Spong doesn’t leave us alone entirely to wrestle with these questions. He provides some details of what his vision for the new “Ecclesia” will be. The qualities of this new church/not-a-church will include things like: community (people gathering and finding meaningful connection), sacred stories (myths), a sense of ecological and biological interdependence (Gaia, web of life), self-consciousness and self-awareness in individuals, an emphasis on human welfare (universal compassion), and the importance of ritual (religious and spiritual practice) for individuals and families.
There are those within the church who say that Spong’s vision does not describe Christianity at all — that he is actually a Humanist (or a Unitarian Universalist) in denial. But Spong continues to identify (strongly and emphatically) as a Christian, “God is real to me, and Jesus is my doorway into this reality.”
His twelve points for the reformation of the Christian church are as follows:
- Theism, as a way of defining God, is dead. So most theological God-talk is today meaningless. A new way to speak of God must be found.

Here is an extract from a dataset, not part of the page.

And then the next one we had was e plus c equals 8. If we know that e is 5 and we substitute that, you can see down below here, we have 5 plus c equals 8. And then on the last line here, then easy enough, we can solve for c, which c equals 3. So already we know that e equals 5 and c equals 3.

- Since God can no longer be conceived in theistic terms, it becomes nonsensical to seek to understand Jesus as the incarnation of the theistic deity. So the Christology of the ages is bankrupt.
- The Biblical story of the perfect and finished creation from which human beings fell into sin is pre-Darwinian mythology and post-Darwinian nonsense.

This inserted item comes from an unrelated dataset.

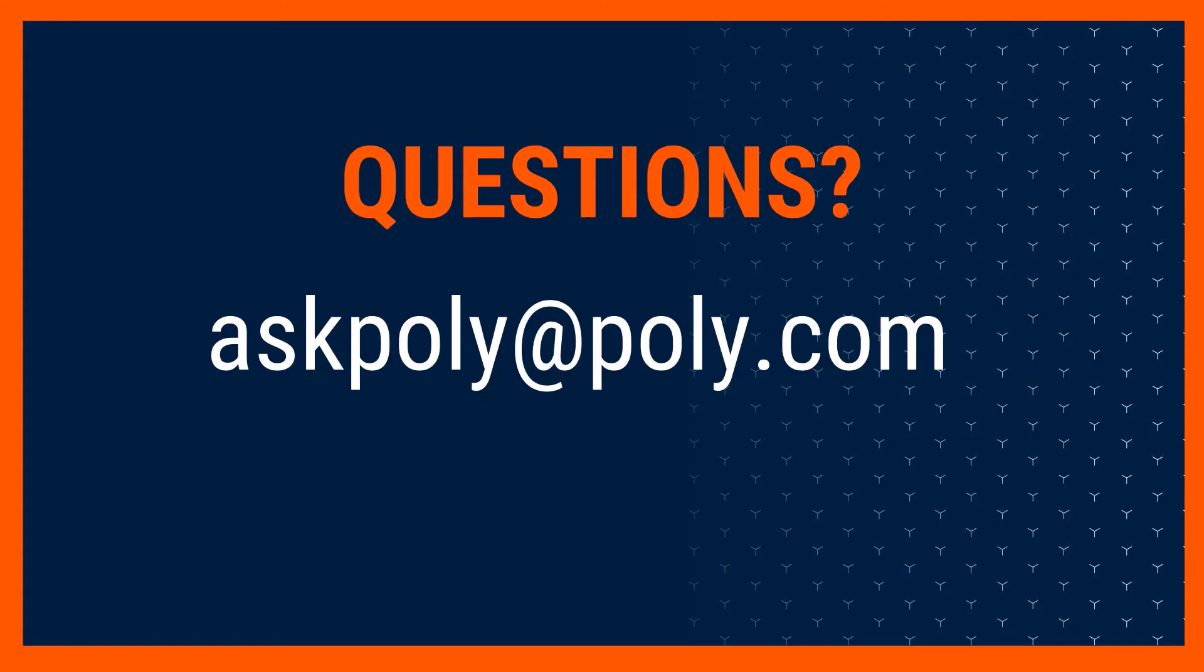For more information about your VVX D230, please feel free to contact AskPolly at Poly.com with your questions.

- The virgin birth, understood as literal biology, makes Christ’s divinity, as traditionally understood, impossible.
- The miracle stories of the New Testament can no longer be interpreted in a post-Newtonian world as supernatural events performed by an incarnate deity.

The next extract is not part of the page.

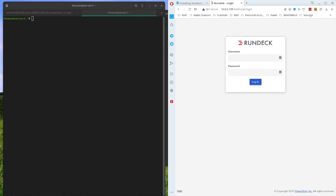Now we're going to set up a project and a job on Rundeck that is going to run as another user. For this use case, I have some scripts that need to run as other users on the local machine. By default, Rundeck is going to run the scripts as the Rundeck user that we set up. To get it to run as a different user, we're going to do a couple of things.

- The view of the cross as the sacrifice for the sins of the world is a barbarian idea based on primitive concepts of God and must be dismissed.
- Resurrection is an action of God. Jesus was raised into the meaning of God. It therefore cannot be a physical resuscitation occurring inside human history.
- The story of the Ascension assumed a three-tiered universe and is therefore not capable of being translated into the concepts of a post-Copernican space age.
- There is no external, objective, revealed standard written in scripture or on tablets of stone that will govern our ethical behavior for all time.
- Prayer cannot be a request made to a theistic deity to act in human history in a particular way.
- The hope for life after death must be separated forever from the behavior control mentality of reward and punishment. The Church must abandon, therefore, its reliance on guilt as a motivator of behavior.
- All human beings bear God’s image and must be respected for what each person is. Therefore, no external description of one’s being, whether based on race, ethnicity, gender or sexual orientation, can properly be used as the basis for either rejection or discrimination.
Spong has an exhaustive body of work, and frankly, I find it interesting that he has not gained more traction among the progressives and modern/contemporary Christian churches. Then again, maybe he has. Maybe there are classes being taught and book discussions being held right now by church members totally amped-up for a new and fresh version of Christianity for the post-modern age. If you’re out there, I want to hear from you.
What do you think of Bishop Spong’s “Ecclesia?” Do you think that by stripping the Jesus story of the orthodox baggage, we arrive at a purer form of God-experience? And, do you think that we can still call that experience Christianity?